DOI: https://doi.org/10.22263/2312-4156.2024.4.63
A.E. Horbach1, A.N. Volosheniuk2
Evaluation of the efficiency and quality of emergency medical care provided to patients with severe mechanical injuries at the pre-hospital stage
1Baranovichi Central Polyclinic, emergency and urgent medical care station, Baranovichi, Republic of Belarus
2The Institute for Advanced Training & Retraining of Healthcare Personnel of the educational institution “Belarusian State Medical University”, Minsk, Republic of Belarus
Vestnik VGMU. 2024;23(4):63-69.
Abstract.
The increase in the number of natural and man-made disasters leads to an increase in the frequency of severe damage among the population. The provision of emergency medical care at the pre-hospital stage is becoming a critical aspect in the work of a primary care physician. In severe mechanical injury, the “golden hour” principle is considered to be the standard. In this regard, emergency medical care should be provided without further delay.
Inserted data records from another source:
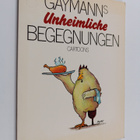 Gaymanns unheimliche begegnungen - cartoons - pikkukuva 1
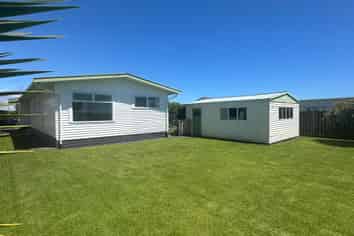 38 King Street, Waitara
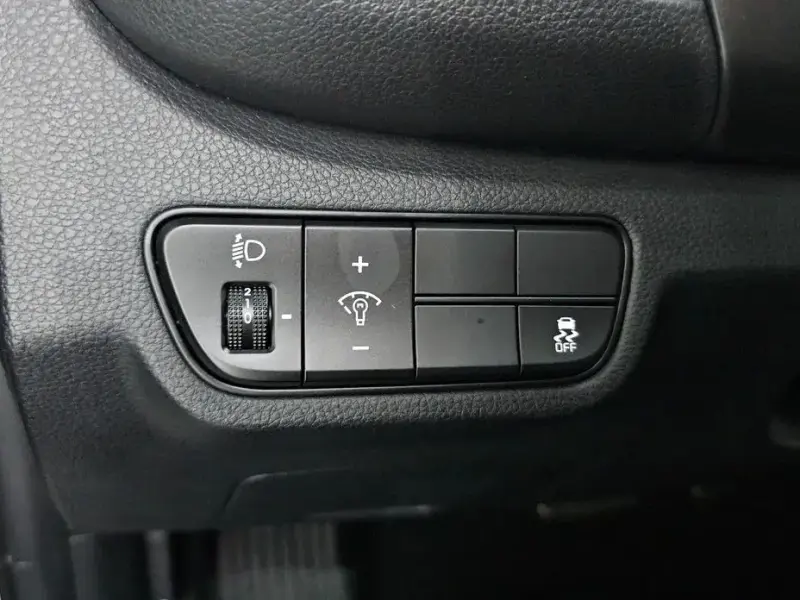2025 Kia Seltos с пробегом 32 237 км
Objectives. To assess of the effectiveness of the emergency medical care provision (EMC) at the pre-hospital stage in a large city, to develop a recommendation enabling the improvement of the protocols for the provision of EMC.
Material and methods. The article analyzes the quality of medical care for patients with severe mechanical injuries at the pre-hospital stage when studying the accompanying sheets of ambulance teams and medical records of 140 victims, with severe mechanical injuries above 16 according to the ISS scale.
Results. Spinal injuries in 54.5% of cases, were not mentioned in the emergency medical records, but in 96 out of 99 cases patients with this injury were transported “lying on the shield”. Pelvic lesions were not diagnosed in 67.4% of cases. Tracheal intubation or laryngeal mask was applied in 8 out of 19 victims. Anesthesia in 35% of cases was not carried out at all. In most cases, tramadol was used – in 17.1%, promedol – in 13.6%, fentanyl – in 11.4%. Immobilization of the cervical spine was performed in only 50.8% of cases.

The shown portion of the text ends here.